Dataset records -
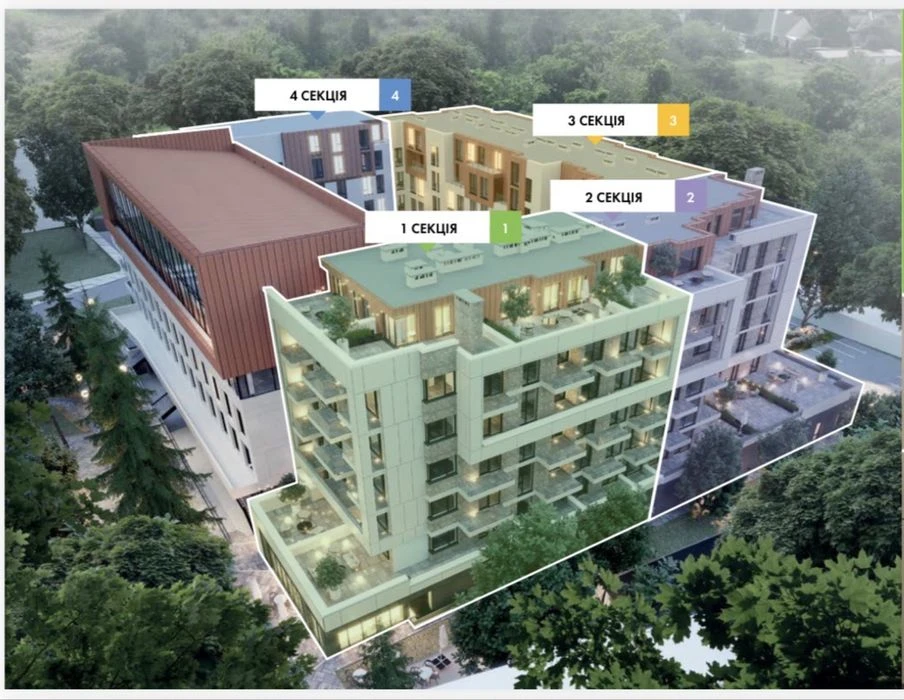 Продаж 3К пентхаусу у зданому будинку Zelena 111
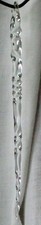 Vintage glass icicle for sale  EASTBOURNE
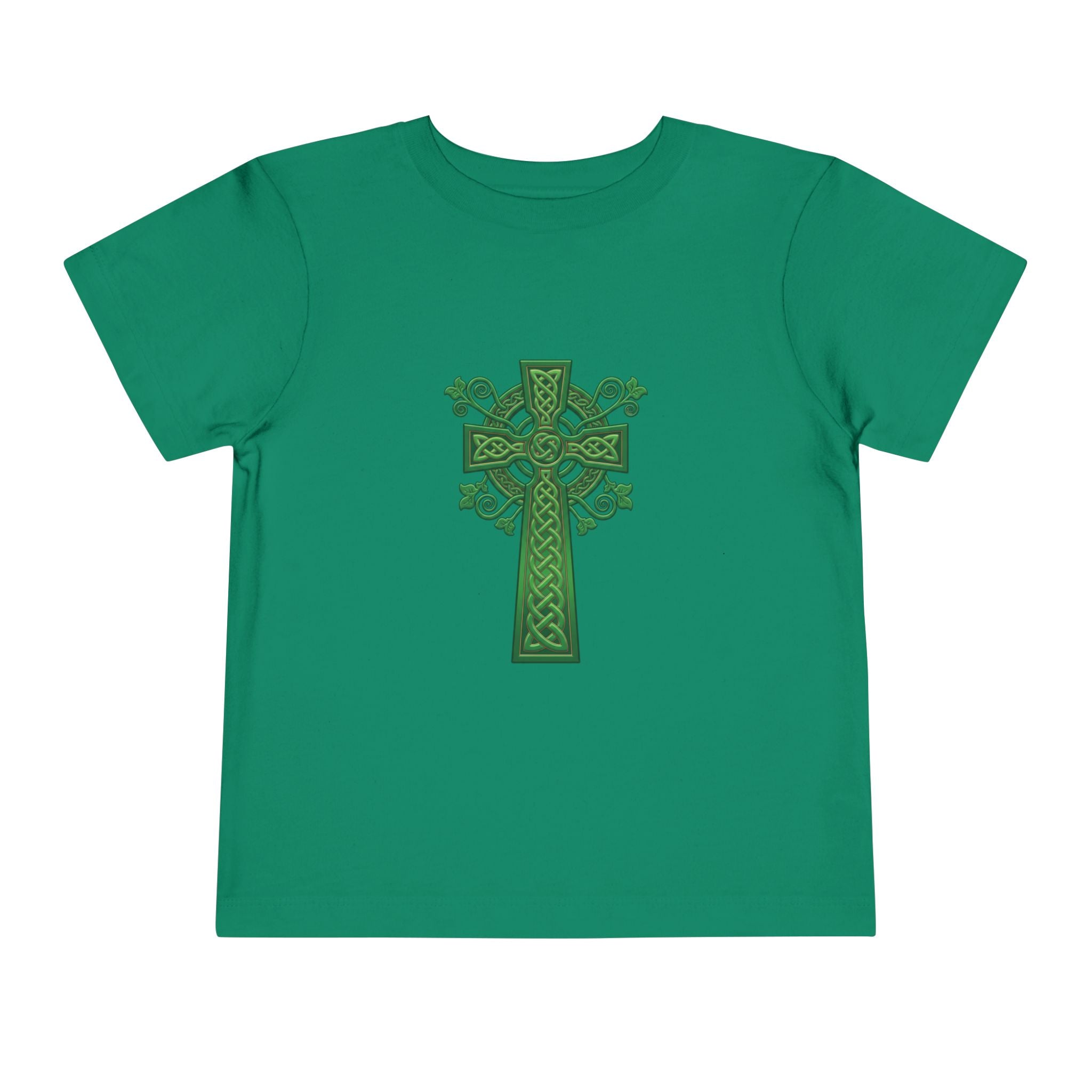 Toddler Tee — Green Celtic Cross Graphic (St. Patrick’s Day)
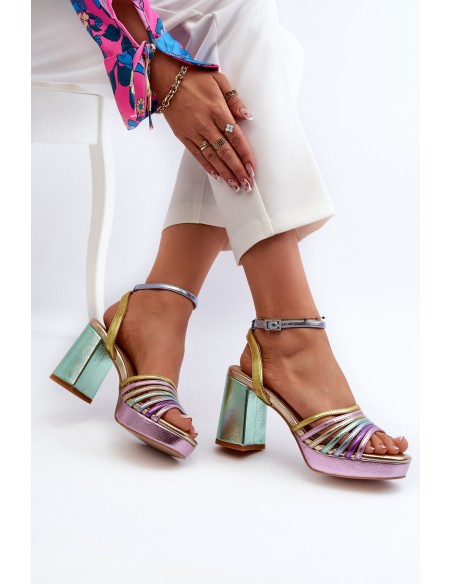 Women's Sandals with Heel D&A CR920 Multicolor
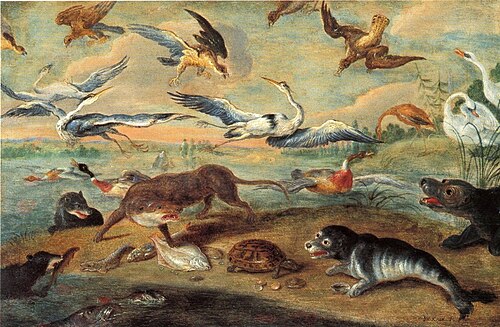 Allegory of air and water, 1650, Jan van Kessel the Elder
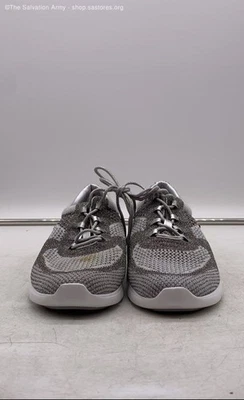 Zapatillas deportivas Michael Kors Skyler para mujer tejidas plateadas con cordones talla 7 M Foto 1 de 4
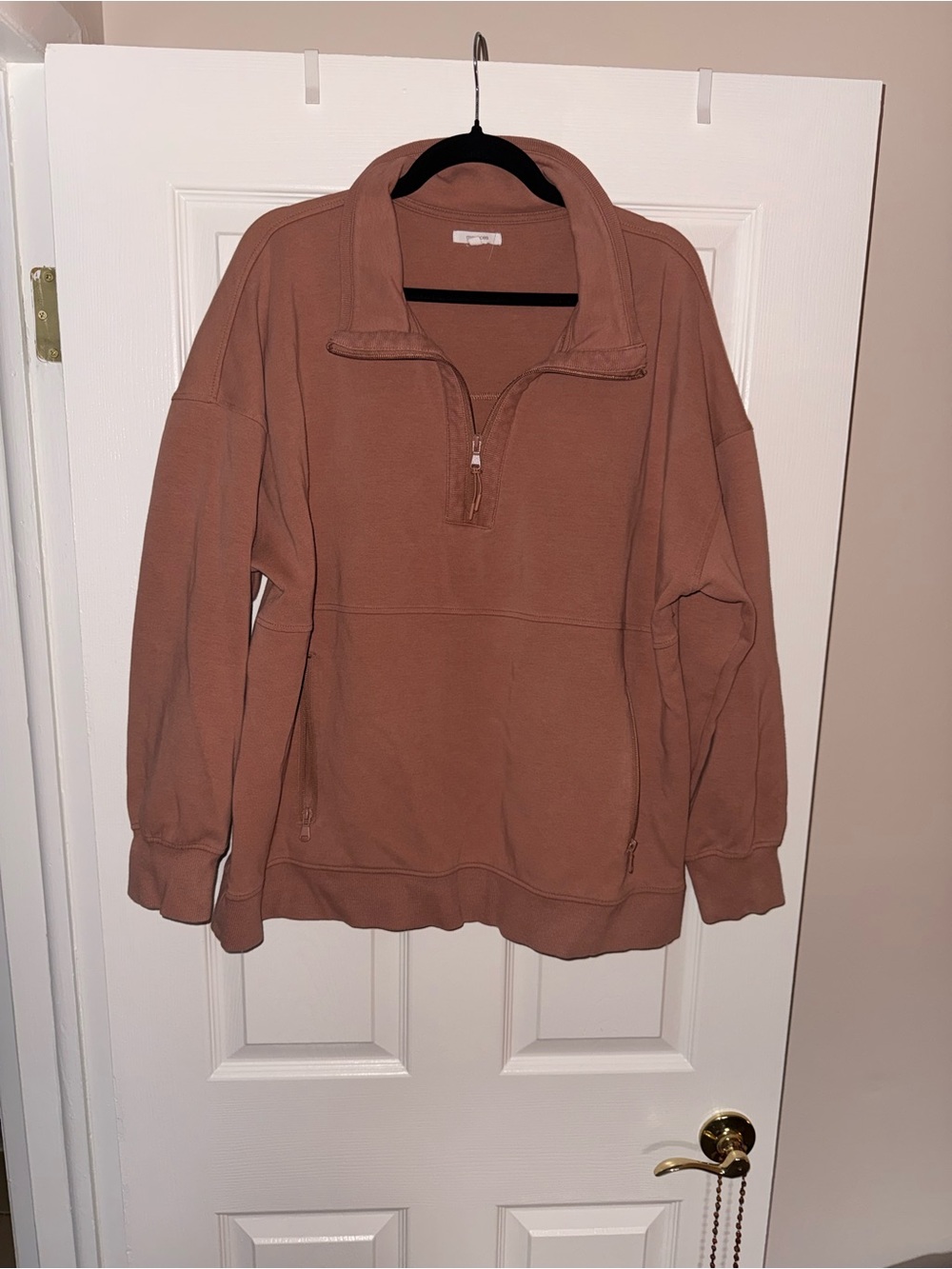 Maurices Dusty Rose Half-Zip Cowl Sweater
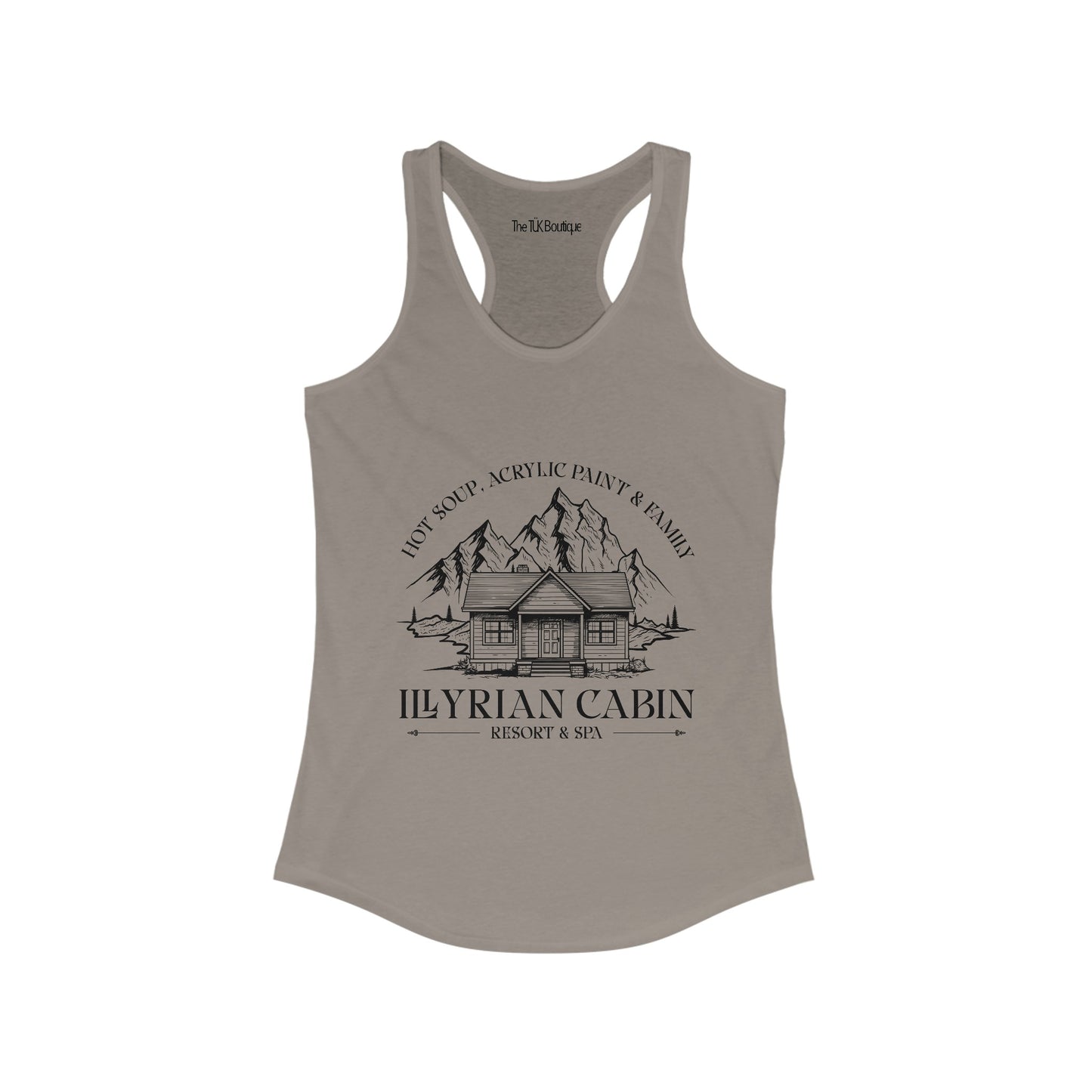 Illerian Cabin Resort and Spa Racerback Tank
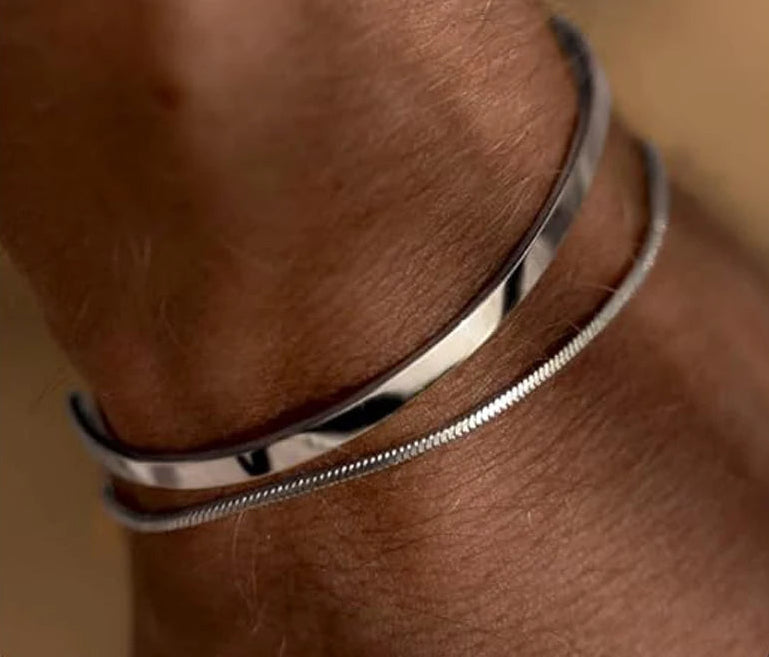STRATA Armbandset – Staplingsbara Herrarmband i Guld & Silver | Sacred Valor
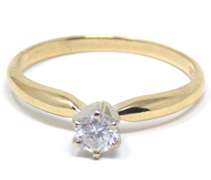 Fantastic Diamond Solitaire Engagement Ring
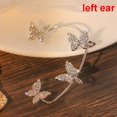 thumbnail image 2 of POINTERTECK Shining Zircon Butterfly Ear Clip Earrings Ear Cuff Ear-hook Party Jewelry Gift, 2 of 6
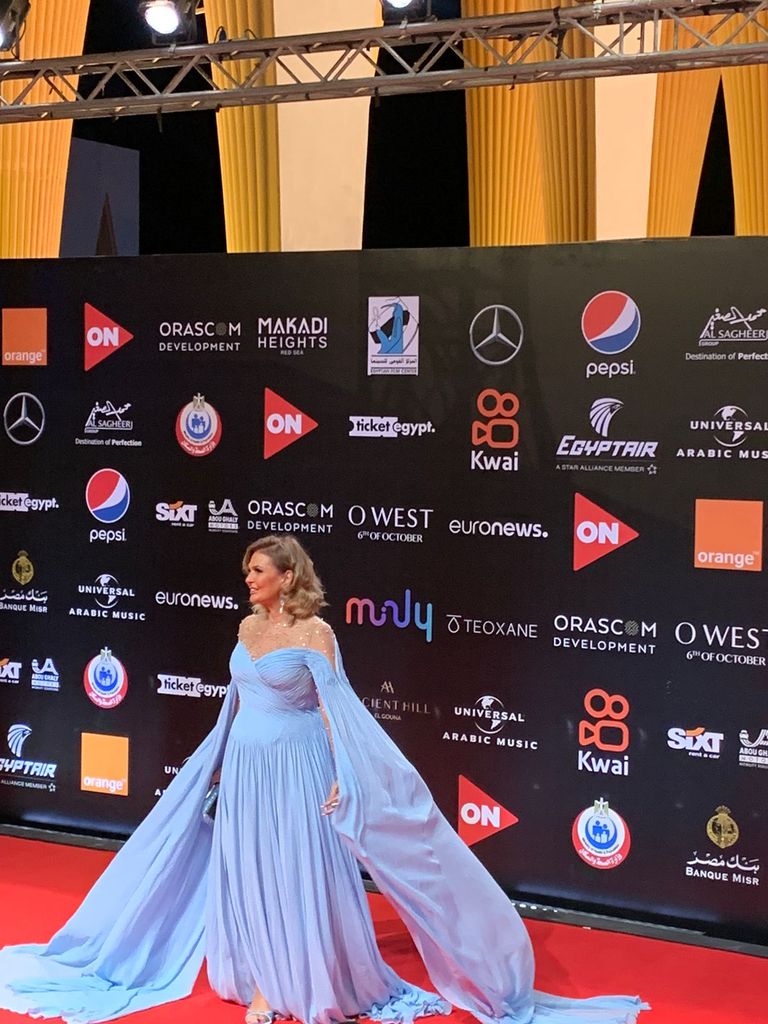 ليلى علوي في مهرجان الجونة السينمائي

Task requirements - When you reach the line that contains "Women's Sandals with" in the records above, copy it and every line after it exactly through the last one, leaving out the pictures.

Your solution -
 Women's Sandals with Heel D&A CR920 Multicolor
 Allegory of air and water, 1650, Jan van Kessel the Elder
 Zapatillas deportivas Michael Kors Skyler para mujer tejidas plateadas con cordones talla 7 M Foto 1 de 4
 Maurices Dusty Rose Half-Zip Cowl Sweater
 Illerian Cabin Resort and Spa Racerback Tank
STRATA Armbandset – Staplingsbara Herrarmband i Guld & Silver | Sacred Valor
 Fantastic Diamond Solitaire Engagement Ring
 thumbnail image 2 of POINTERTECK Shining Zircon Butterfly Ear Clip Earrings Ear Cuff Ear-hook Party Jewelry Gift, 2 of 6
 ليلى علوي في مهرجان الجونة السينمائي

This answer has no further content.